[What is needed]: Print out the full material below, exact in every line, with no images included.
---
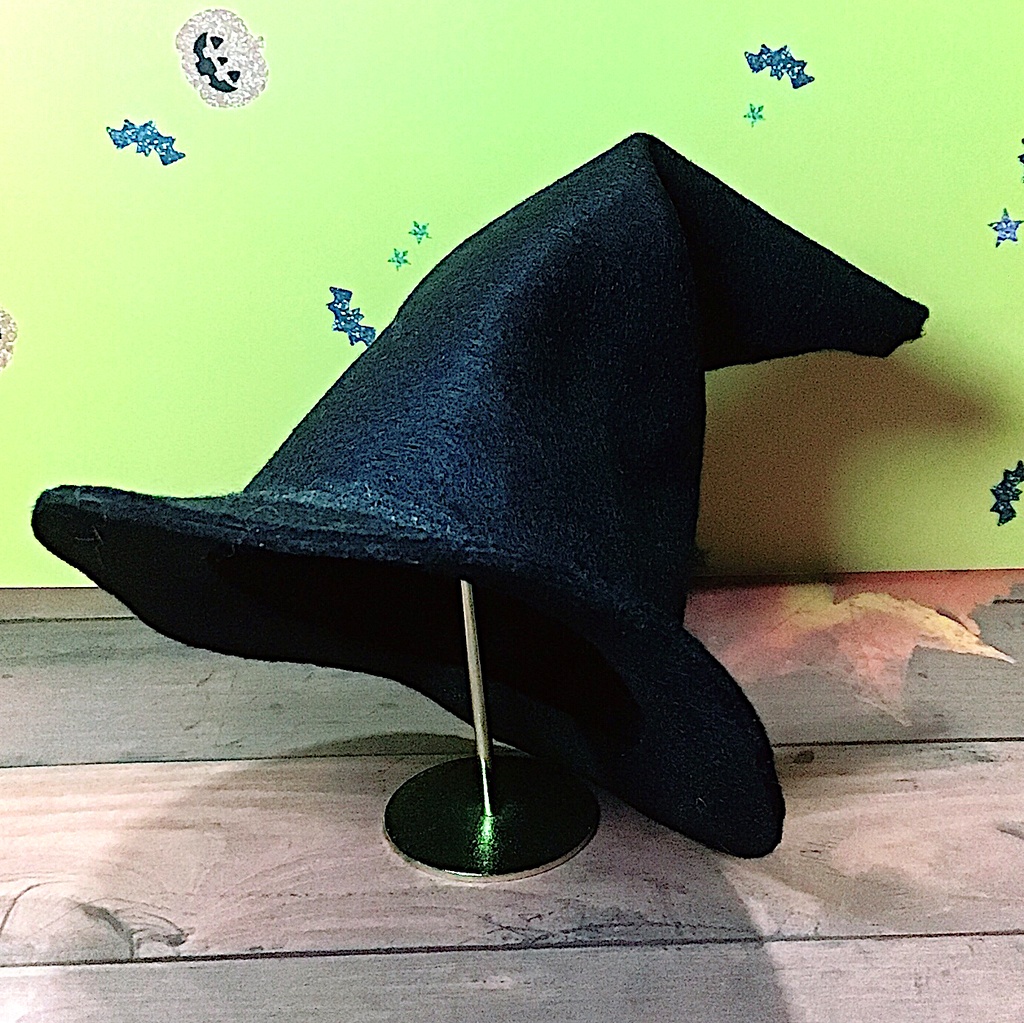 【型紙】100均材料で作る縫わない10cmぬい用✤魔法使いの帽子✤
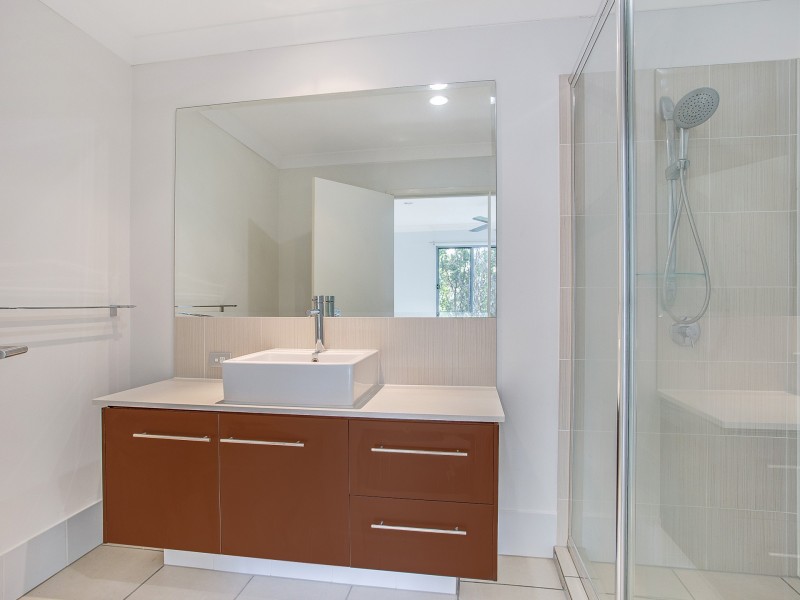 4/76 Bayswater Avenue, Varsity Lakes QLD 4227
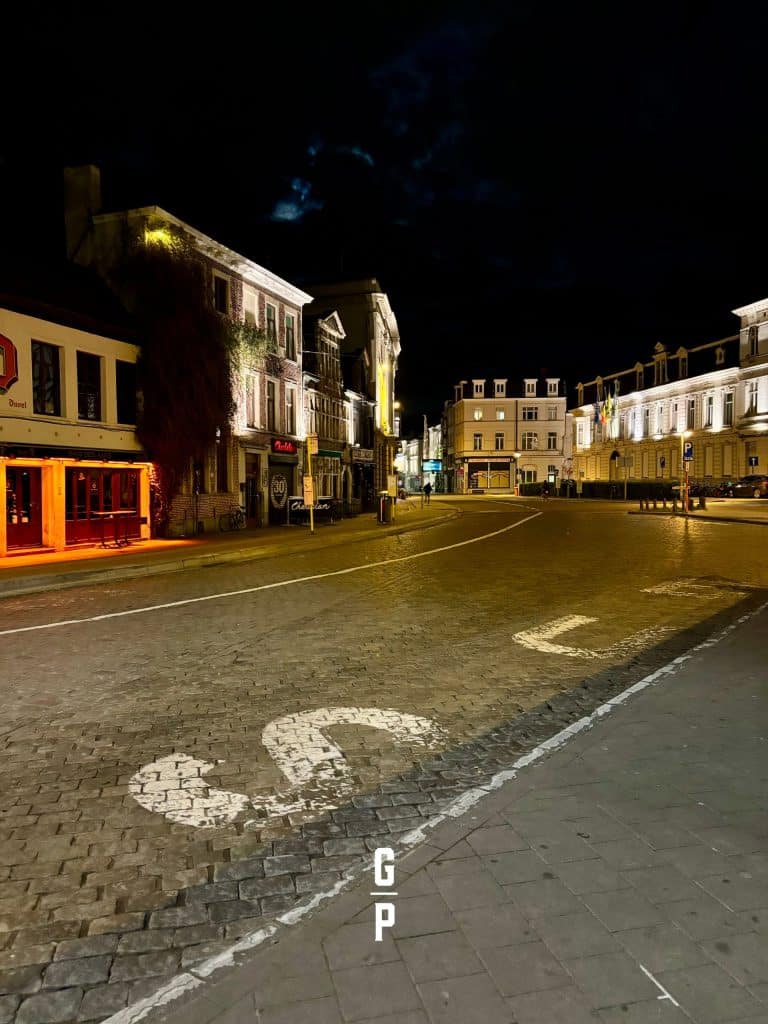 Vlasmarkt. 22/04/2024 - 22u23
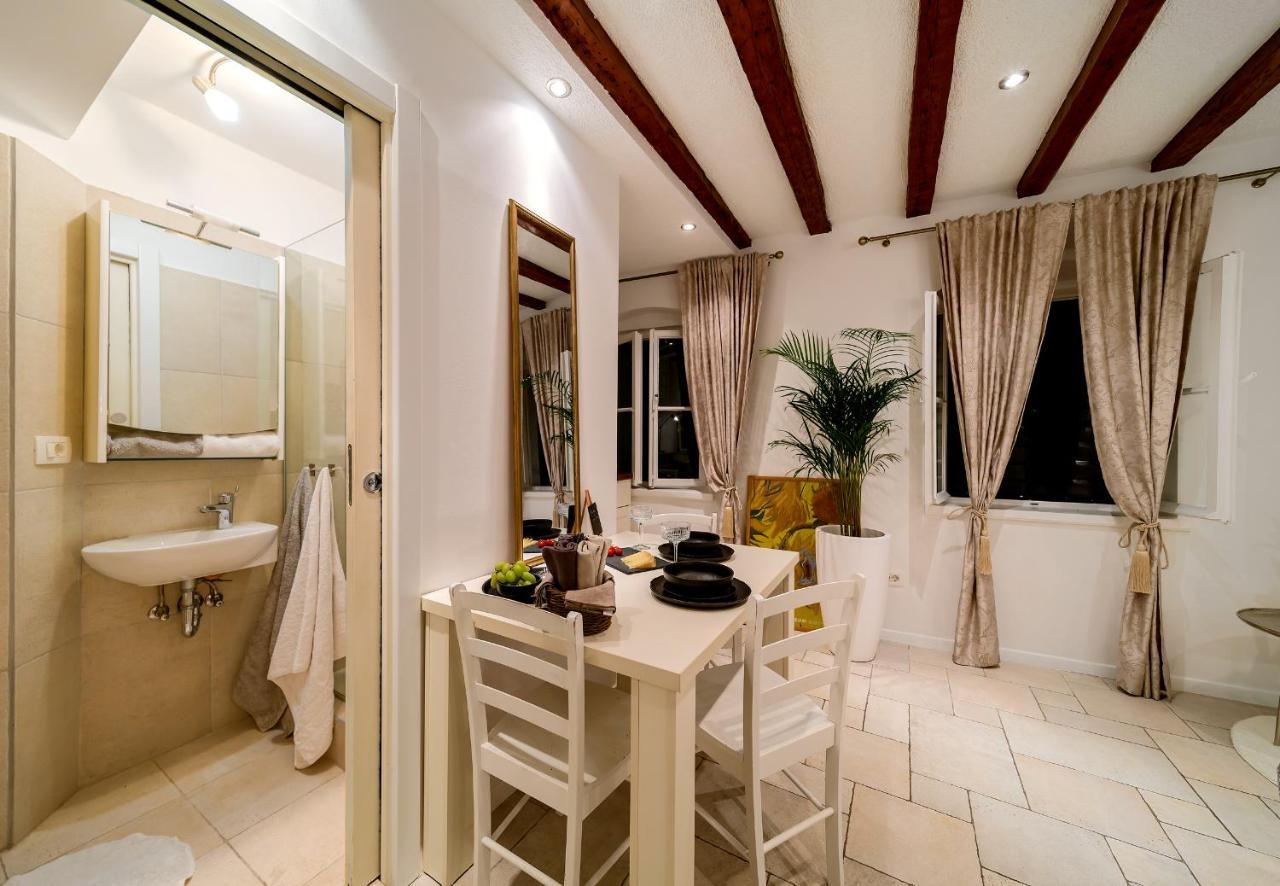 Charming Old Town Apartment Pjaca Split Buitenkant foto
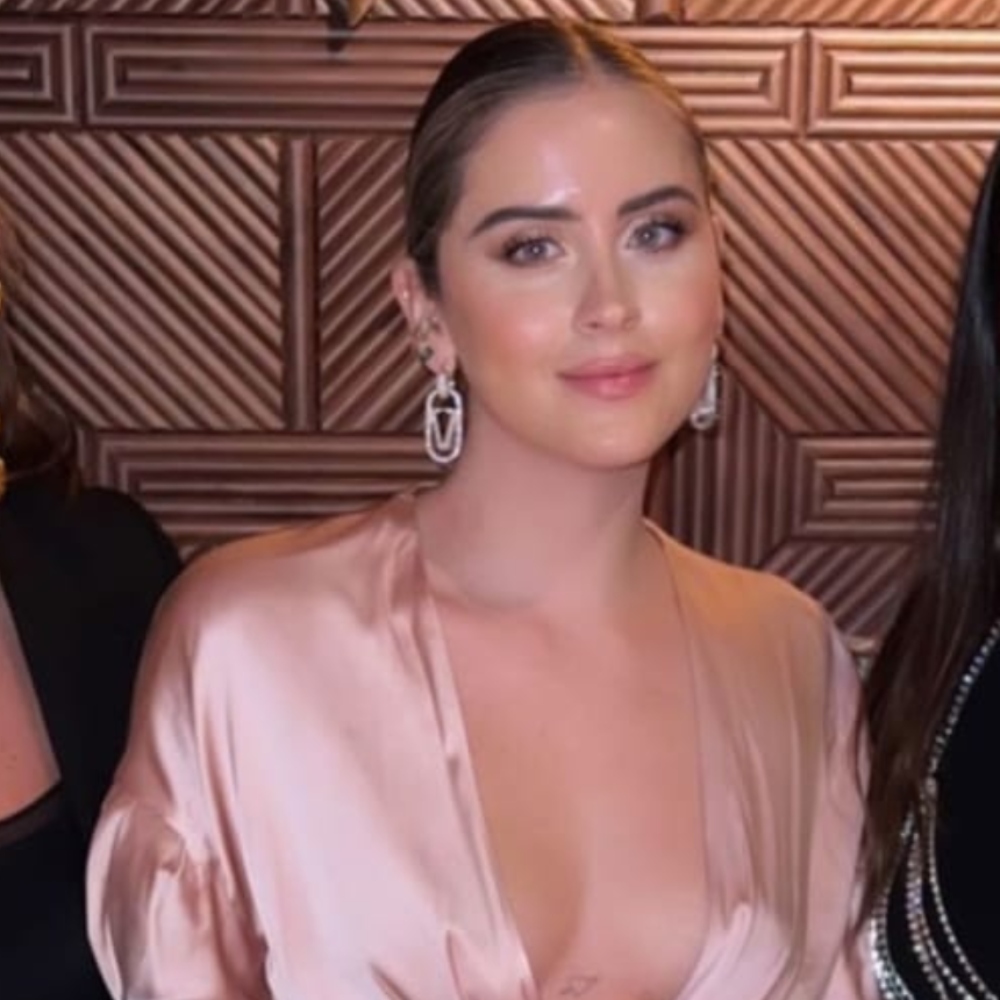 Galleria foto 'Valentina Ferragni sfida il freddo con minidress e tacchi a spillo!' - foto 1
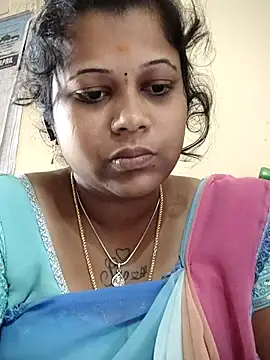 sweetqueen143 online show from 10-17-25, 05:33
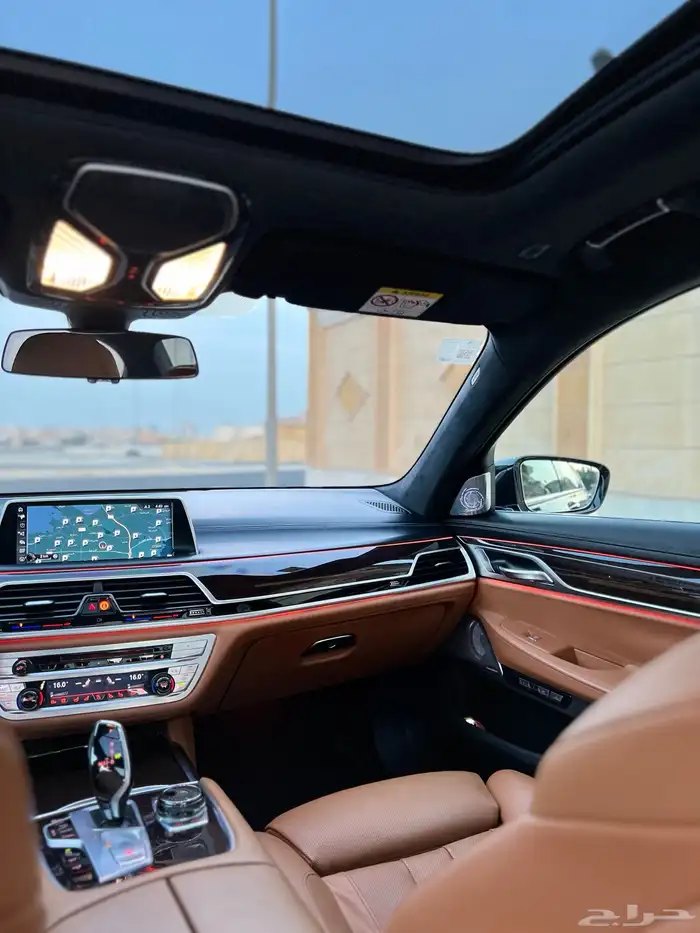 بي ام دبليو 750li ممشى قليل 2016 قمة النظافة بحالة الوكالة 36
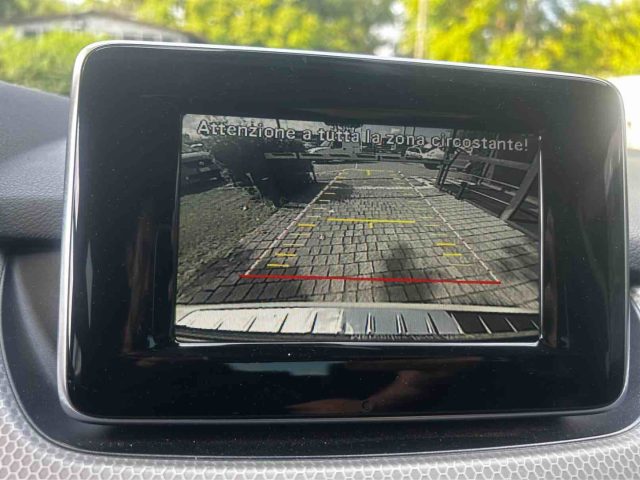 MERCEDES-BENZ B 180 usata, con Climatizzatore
---
[Exercise output]:
 【型紙】100均材料で作る縫わない10cmぬい用✤魔法使いの帽子✤
 4/76 Bayswater Avenue, Varsity Lakes QLD 4227
 Vlasmarkt. 22/04/2024 - 22u23
 Charming Old Town Apartment Pjaca Split Buitenkant foto
 Galleria foto 'Valentina Ferragni sfida il freddo con minidress e tacchi a spillo!' - foto 1
 sweetqueen143 online show from 10-17-25, 05:33
 بي ام دبليو 750li ممشى قليل 2016 قمة النظافة بحالة الوكالة 36
 MERCEDES-BENZ B 180 usata, con Climatizzatore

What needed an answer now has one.